Kim Yijoon, Kim Hyangwoo, Oh Kyounghwan, Park Ju Hong, Kong Byoung Don, Baek Chang-Ki
Department of Convergence IT Engineering, Pohang University of Science and Technology (POSTECH), Pohang, 37673, South Korea.
Future IT Innovation Laboratory, Pohang University of Science and Technology (POSTECH), Pohang, 37673, South Korea.
Discov Nano. 2024 Aug 23;19(1):132. doi: 10.1186/s11671-024-04079-5.

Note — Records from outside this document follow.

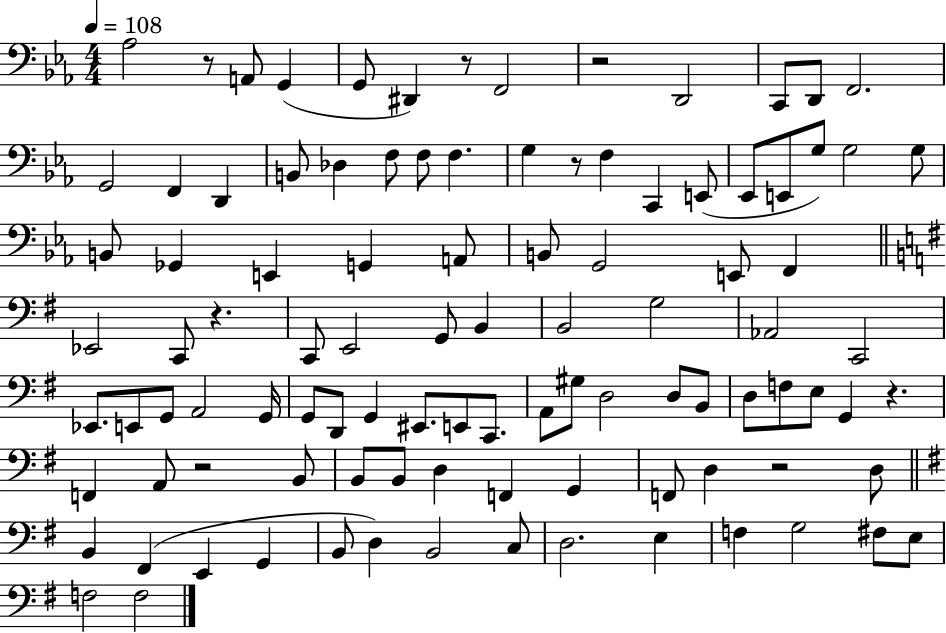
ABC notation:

X:1
T:Untitled
M:4/4
L:1/4
K:Eb
_A,2 z/2 A,,/2 G,, G,,/2 ^D,, z/2 F,,2 z2 D,,2 C,,/2 D,,/2 F,,2 G,,2 F,, D,, B,,/2 _D, F,/2 F,/2 F, G, z/2 F, C,, E,,/2 _E,,/2 E,,/2 G,/2 G,2 G,/2 B,,/2 _G,, E,, G,, A,,/2 B,,/2 G,,2 E,,/2 F,, _E,,2 C,,/2 z C,,/2 E,,2 G,,/2 B,, B,,2 G,2 _A,,2 C,,2 _E,,/2 E,,/2 G,,/2 A,,2 G,,/4 G,,/2 D,,/2 G,, ^E,,/2 E,,/2 C,,/2 A,,/2 ^G,/2 D,2 D,/2 B,,/2 D,/2 F,/2 E,/2 G,, z F,, A,,/2 z2 B,,/2 B,,/2 B,,/2 D, F,, G,, F,,/2 D, z2 D,/2 B,, ^F,, E,, G,, B,,/2 D, B,,2 C,/2 D,2 E, F, G,2 ^F,/2 E,/2 F,2 F,2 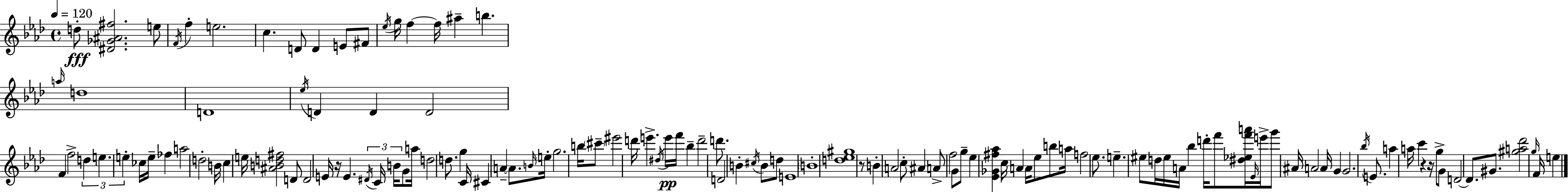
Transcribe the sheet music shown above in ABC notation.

X:1
T:Untitled
M:4/4
L:1/4
K:Fm
d/2 [^D_G^A^f]2 e/2 F/4 f e2 c D/2 D E/2 ^F/2 _e/4 g/4 f f/4 ^a b a/4 d4 D4 _e/4 D D D2 F f2 d e e _c/4 e/4 _f a2 d2 B/4 c e/4 [^ABd^f]2 D/2 D2 E/4 z/4 E ^D/4 C/4 B/4 G/2 a/4 d2 d/2 g C/4 ^C A A/2 B/4 e/4 g2 b/4 ^c'/2 ^e'2 d'/4 e' ^d/4 e'/4 f'/4 _b d'2 d'/2 D2 B ^c/4 B/2 d/2 E4 B4 [d_e^g]4 z/2 B A2 c/2 ^A A/2 f2 G/2 g/2 _e [_E_G^f_a] c/4 A A/4 _e/2 b/2 a/4 f2 _e/2 e ^e/2 d/4 ^e/4 A/4 _b d'/4 f'/2 [^d_ef'a']/4 _E/4 e'/4 g'/2 ^A/4 A2 A/4 G G2 _b/4 E/2 a a/4 c' z z/4 g/2 G/2 D2 D/2 ^G/2 [^ga_d']2 g/4 F/4 e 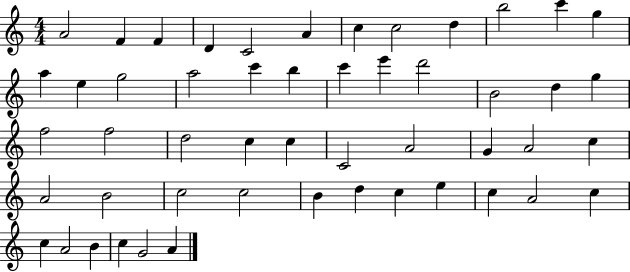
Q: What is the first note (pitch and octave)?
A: A4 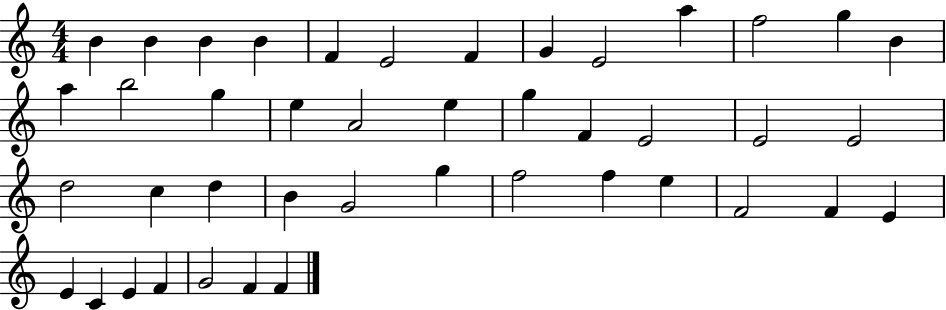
X:1
T:Untitled
M:4/4
L:1/4
K:C
B B B B F E2 F G E2 a f2 g B a b2 g e A2 e g F E2 E2 E2 d2 c d B G2 g f2 f e F2 F E E C E F G2 F F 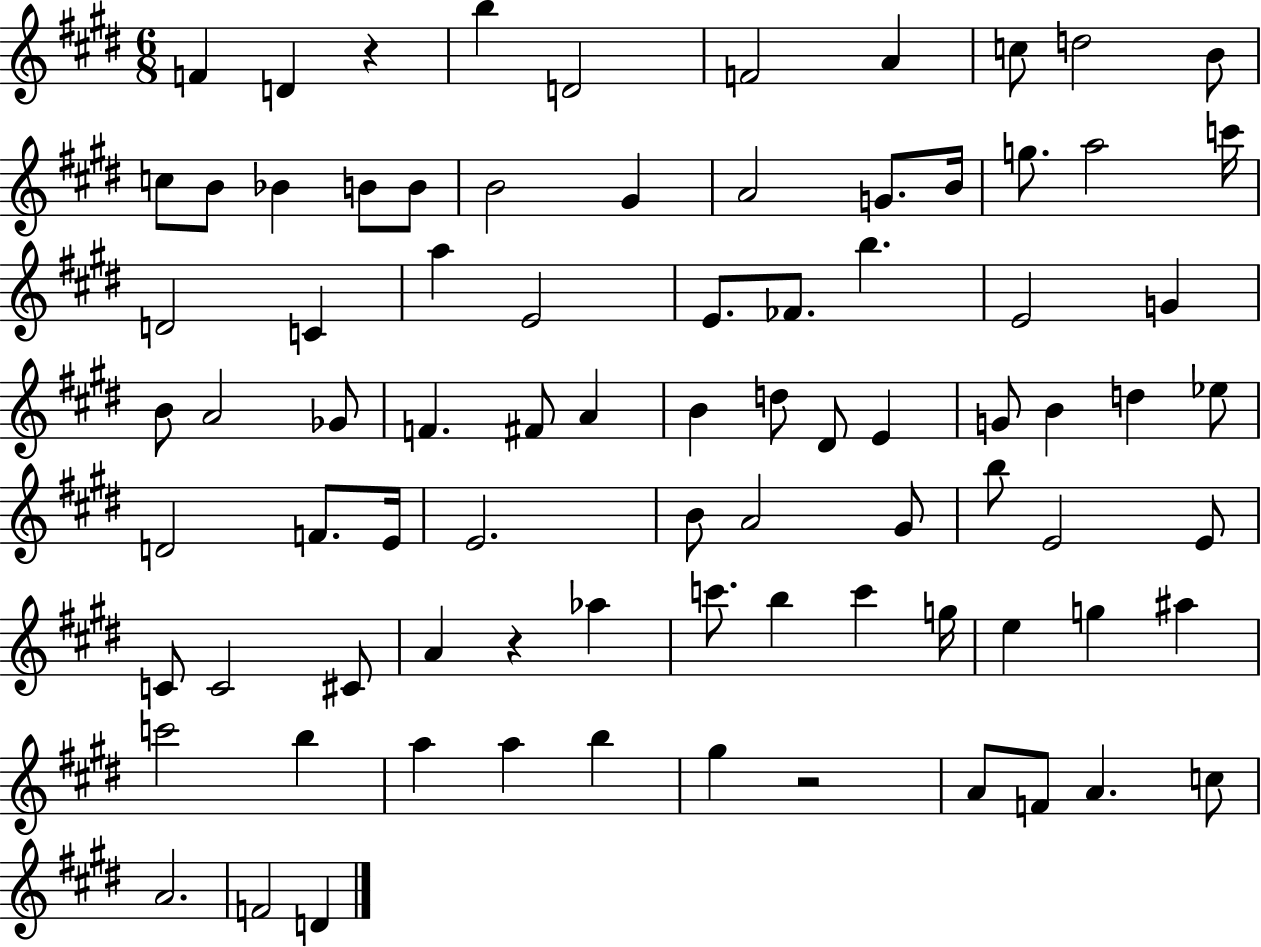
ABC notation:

X:1
T:Untitled
M:6/8
L:1/4
K:E
F D z b D2 F2 A c/2 d2 B/2 c/2 B/2 _B B/2 B/2 B2 ^G A2 G/2 B/4 g/2 a2 c'/4 D2 C a E2 E/2 _F/2 b E2 G B/2 A2 _G/2 F ^F/2 A B d/2 ^D/2 E G/2 B d _e/2 D2 F/2 E/4 E2 B/2 A2 ^G/2 b/2 E2 E/2 C/2 C2 ^C/2 A z _a c'/2 b c' g/4 e g ^a c'2 b a a b ^g z2 A/2 F/2 A c/2 A2 F2 D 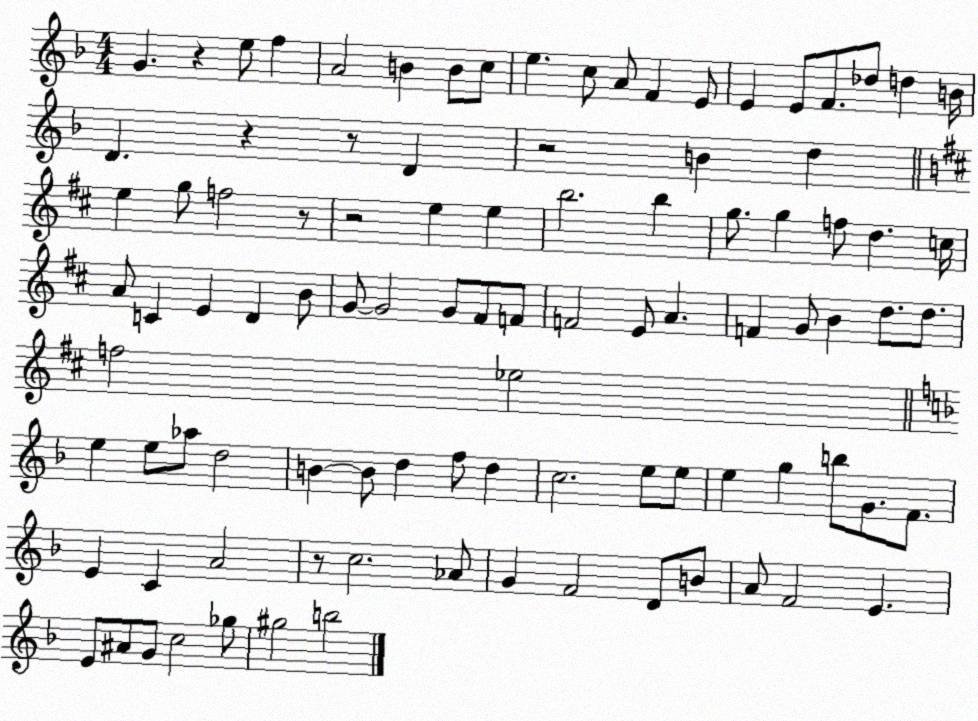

We have proposed leaky integrate-and-fire (LIF) neuron having low-energy consumption and tunable functionality without external circuit components. Our LIF neuron has a simple configuration consisting of only three components: one bandgap-engineered resistive switching transistor (BE-RST), one capacitor, and one resistor. Here, the crucial point is that BE-RST with a silicon-germanium heterojunction possesses an amplified hysteric current switching with a low latch-up voltage due to improved hole storage capability and impact ionization coefficient. Therefore, the proposed neuron utilizing BE-RST requires an energy consumption of 0.36 pJ/spike, which is approximately six times lower than 2.08 pJ/spike of pure silicon-RST based neuron. In addition, the spiking properties can be tuned by modulating the leakage rate and threshold through gate bias, which contributes to energy-efficient sparse-activity and high learning accuracy. As a result, our proposed neuron can be a promising candidate for executing various spiking neural network applications.
我们提出了一种无需外部电路元件即可实现低能耗和功能可调的漏电积分发放(LIF)神经元。我们的LIF神经元具有简单的结构,仅由三个组件组成:一个带隙工程化电阻开关晶体管(BE-RST)、一个电容器和一个电阻器。在此,关键在于具有硅锗异质结的BE-RST由于空穴存储能力和碰撞电离系数的提高,具有放大的滞后电流开关特性和低闩锁电压。因此,所提出的利用BE-RST的神经元的能量消耗为0.36 pJ/尖峰,比基于纯硅-RST的神经元的2.08 pJ/尖峰低约六倍。此外,通过栅极偏置调制泄漏率和阈值可以调整尖峰特性,这有助于实现节能稀疏活动和高学习精度。结果,我们提出的神经元有望成为执行各种脉冲神经网络应用的候选者。